Case definitions of intestinal schistosomiasis

Across the three study districts, health workers demonstrated notable gaps in knowledge regarding intestinal schistosomiasis case definitions and disease classification. They struggled to distinguish between current infection and chronic morbidity. Liver complications were frequently misclassified as cirrhosis or hepatitis, reflecting a lack of standardized diagnostic approaches. One participant from Buliisa asked, “On behalf of the clinicians, what is cirrhosis vs schistosomiasis?” This confusion was compounded by the scarcity of trained sonographers with experience in schistosomiasis morbidity sonography and limited familiarity with the Niamey protocol - a WHO standardized, ultrasound-based guideline for assessing hepatosplenic schistosomiasis, and a lack of simplified, standardized reference tool for grading fibrosis from mild to severe.

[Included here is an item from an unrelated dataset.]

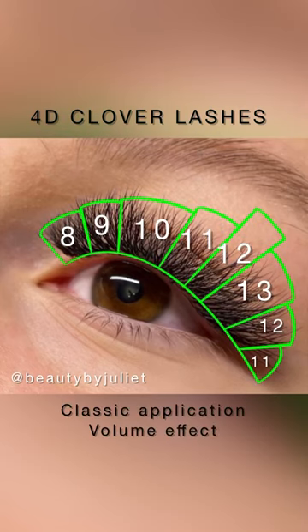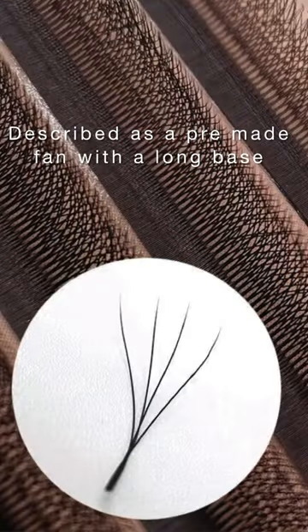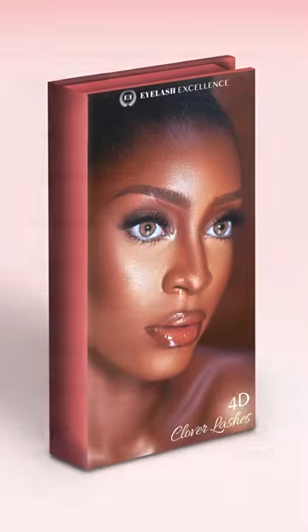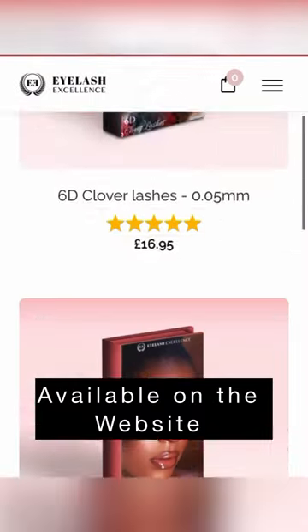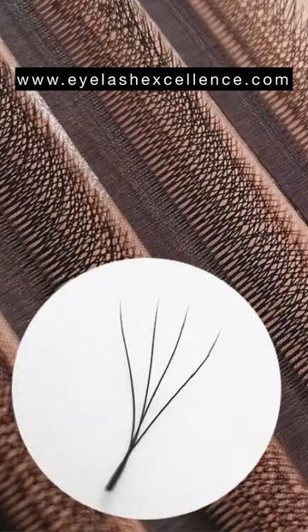If you've been seeing clover lashes on the market recently and wondering what they are, this is the short video for you. They're basically like a pre-made fan with a long base, classic application, super fluffy tips. I have them on my website, Eyelash Excellent, so check them out and shop now.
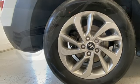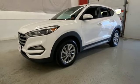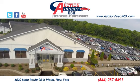Hyundai's attention to detail means a better driving experience for you. Take it for a test drive today. Visit today — we are conveniently located at 6520 State Route 96 in Victor, New York.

Few health staff had experience with abdominal palpations. Discussions in Buliisa revealed that few participants knew how to perform abdominal palpations and interpret ultrasound examinations, while in Pakwach only one person reported having performed palpations. Interpretation of ultrasound findings varied widely, with participants noting a disconnect in terminology and understanding between sonographers, laboratory technicians, and clinicians. A participant from Buliisa observed that, “There is a gap between clinicians, sonographers, and the laboratory in the language they use [to grade schistosomiasis-related morbidity].” A senior clinician in Mayuge emphasized the importance of communication with sonographers: “When you do an ultrasound request, meet the sonographer for more insight regarding the results. Ask the sonographer what you want to see, don’t just say do a normal or an abnormal scan.”

The discussions also revealed that it was unclear among health workers about how to distinguish between severe and non-severe cases. For instance, a medical officer -from a private clinic- shared a case of a schistosomiasis patient who still had normal liver function but presented with advanced symptoms such as portal hypertension, ascites, and upper gastrointestinal bleeding. Because there is no clear system for grading varices, the team decided to manage the patient with surgery and regular endoscopic banding. This case showed the need for clearer guidance on how to identify and manage severe cases.

‘… There is no system for grading varices, so we opted for surgery.’ (Clinician, Mayuge)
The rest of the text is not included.